◆ Extracted material:
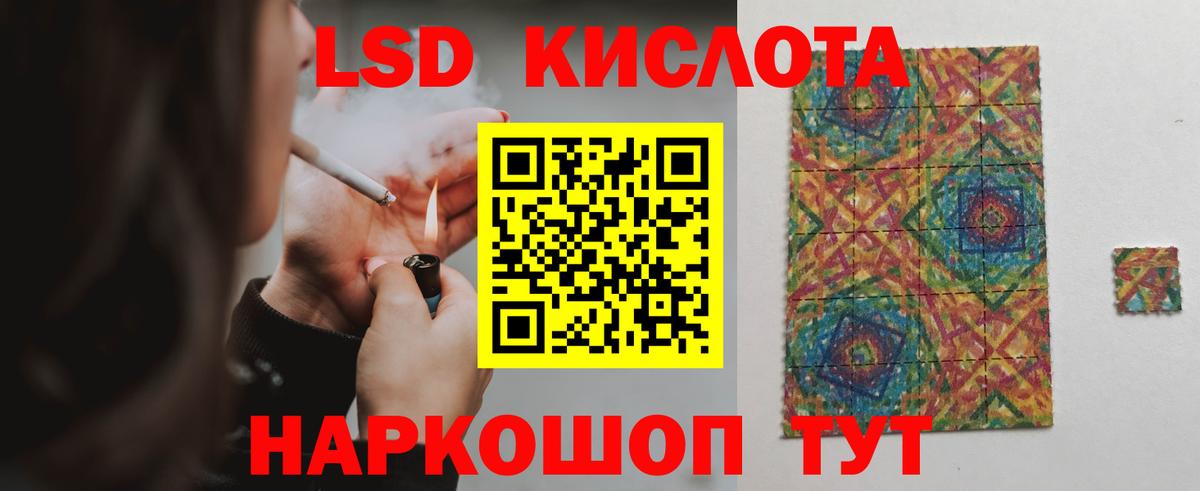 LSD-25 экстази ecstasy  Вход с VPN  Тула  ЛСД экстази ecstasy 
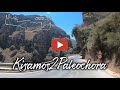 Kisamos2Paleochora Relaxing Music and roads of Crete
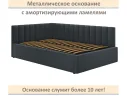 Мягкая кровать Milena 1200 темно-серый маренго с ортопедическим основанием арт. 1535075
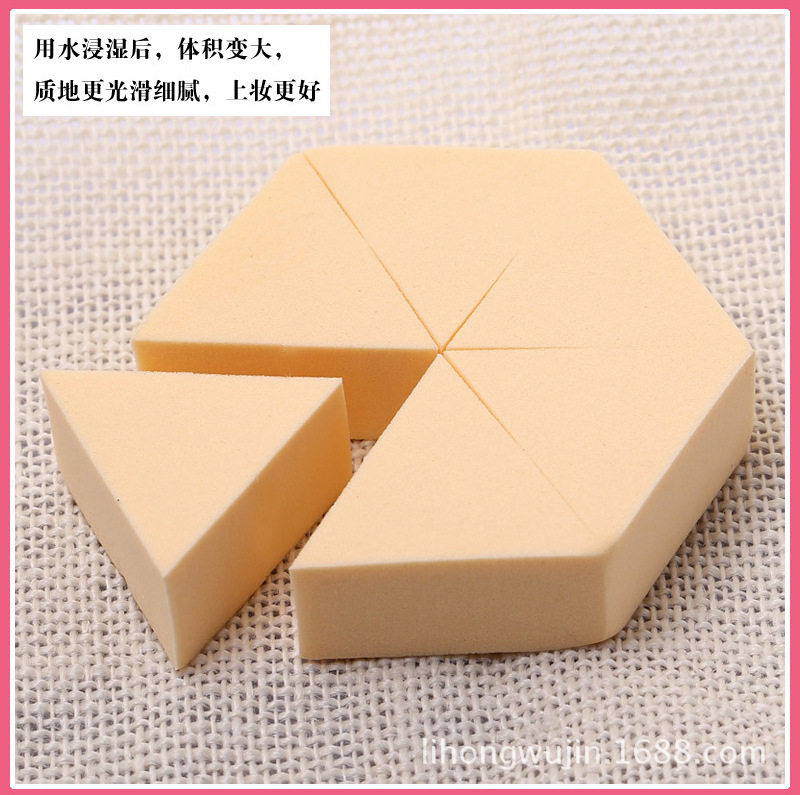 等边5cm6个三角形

---

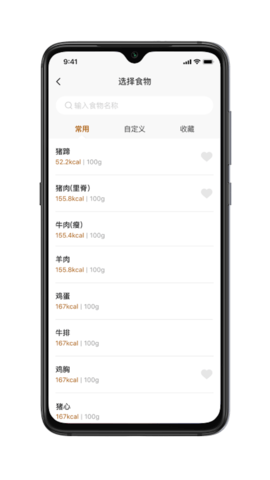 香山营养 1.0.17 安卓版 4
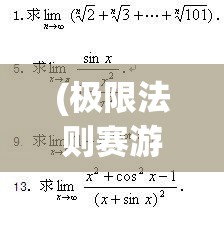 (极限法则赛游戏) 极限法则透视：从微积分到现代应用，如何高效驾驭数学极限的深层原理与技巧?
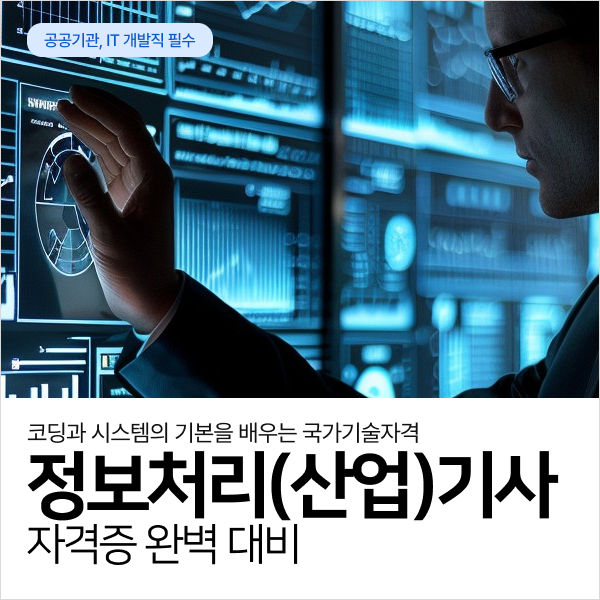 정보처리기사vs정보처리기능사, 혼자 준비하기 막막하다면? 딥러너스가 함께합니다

==

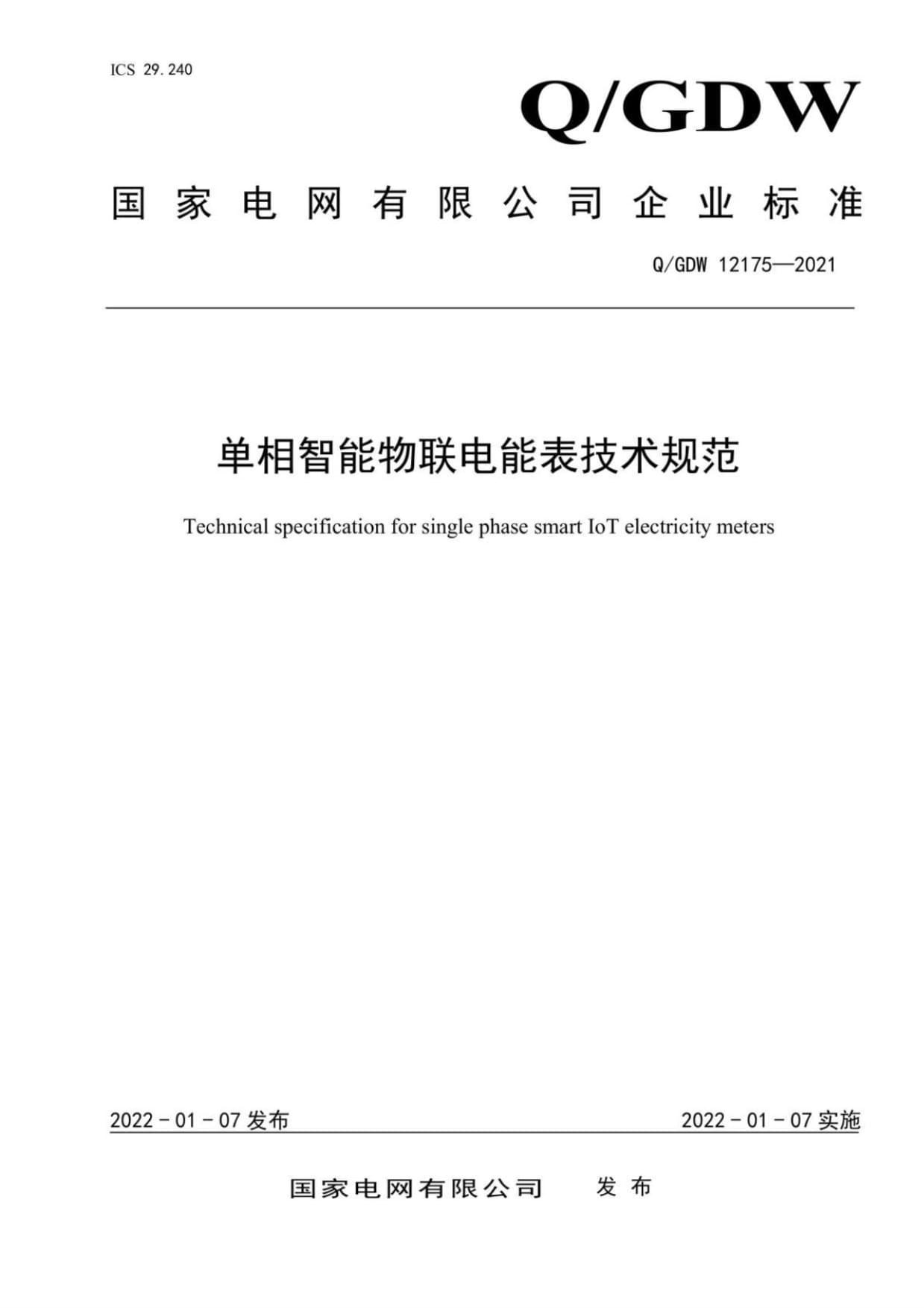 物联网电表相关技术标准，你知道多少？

◆ What the exercise asks: Pictures are to be left out. Write out only the lines above starting at the one with "(极限法则赛游戏) 极限法则" and ending at the one with "정보처리기사vs정보처리기능사, 혼자 준비하기 막막하다면? 딥러너스가 함께합니다", both lines included, exactly.

◆ Task solution:
 (极限法则赛游戏) 极限法则透视：从微积分到现代应用，如何高效驾驭数学极限的深层原理与技巧?
 정보처리기사vs정보처리기능사, 혼자 준비하기 막막하다면? 딥러너스가 함께합니다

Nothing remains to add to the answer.